Floating point arithmetic is at the heart of a lot of computation, and especially in science and engineering. Most of the time, floating point does a good job, but because of the way that it works it usually entails some inaccuracy due to rounding errors.
For example, if you try to add a very small number to a very large number then it is possible that the small number will be rounded to zero and your calculation becomes a+0 not a+something small. This sort of problem can even make algorithms fail. For example, if you add small values to a large value in a loop which stops when the large value is greater than a set limit then the loop might never end if rounding errors reduce the small values to effectively zero.
However, if you arrange to add all the small values together and then add the bigger value that results to the bigger value you get a much smaller total error. With floating point arithmetic you can often improve the accuracy by altering the way the expression is written.
If you are a programmer who occasionally works with floating point values that are problematic then you, at best, learn a few simple rules to protect yourself from this sort of thing. For example, don't ever test for equality of values, only use greater than and less than. Don't add small things to big things and so on. The problem is for any particular floating point expression, you can't be sure that your home spun rules are going to be good enough.

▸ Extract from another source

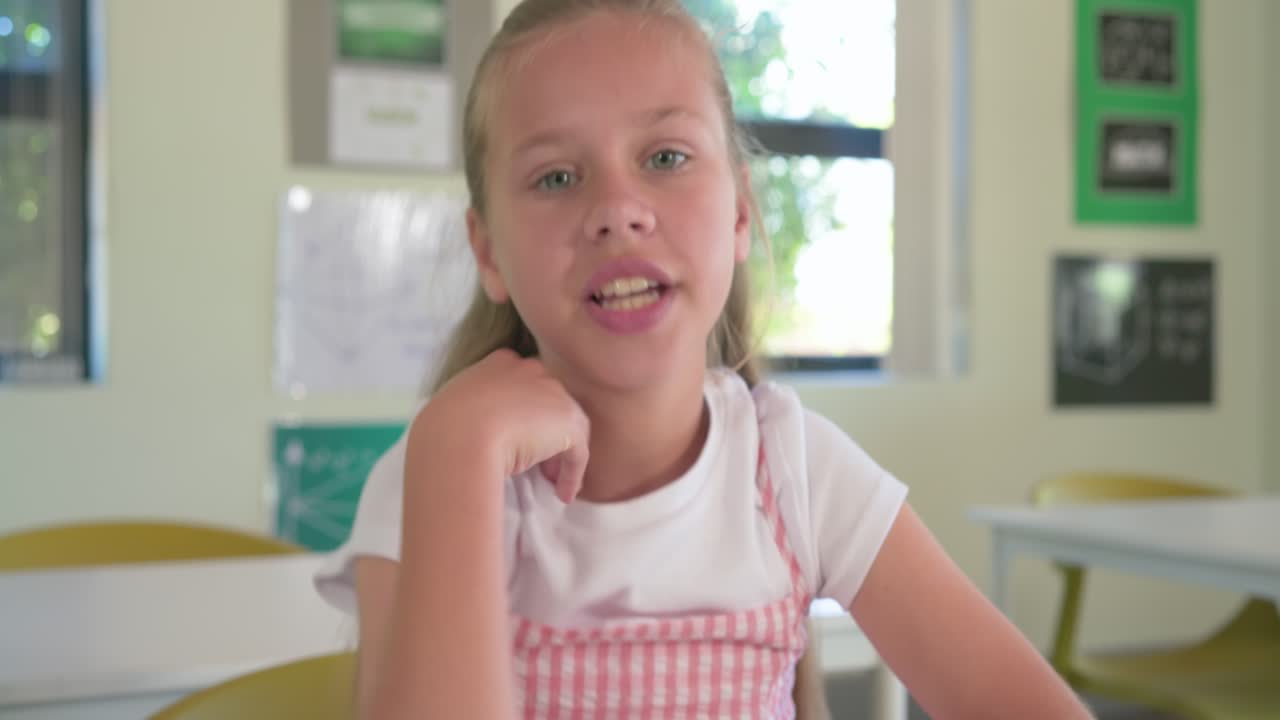 Teenager-Mädchen lächelt und spricht dann in der Klasse am Schreibtisch in die Kamera und hält eine Präsentation in einem rosa Schürzenkleid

Now you can ask HERBIE to try to find an alternative expression that reduces the rounding error. You provide the expression and HERBIE then uses a range of heuristic search techniques to find rewrites that reduce the error. It tests the expression with a range of floating point values and empirically determines the error. It can find rewrites that have good effects in different numerical ranges and combines these to produce a single result that works well.
To demonstrate how good HERBIE is, the developers applied it to 28 test cases from Richard Hamming's Numerical Methods for Scientists and Engineers with impressive improvements:
Longer arrows are better. Each arrow measures an improvement in accuracy due to Herbie. Each arrow points from the accuracy of the original program, and to the accuracy of Herbie’s output, in each case on random double-precision inputs.
If you just want to try it out there is a web demo, but this has many drawbacks compared to the full program which you can download and install.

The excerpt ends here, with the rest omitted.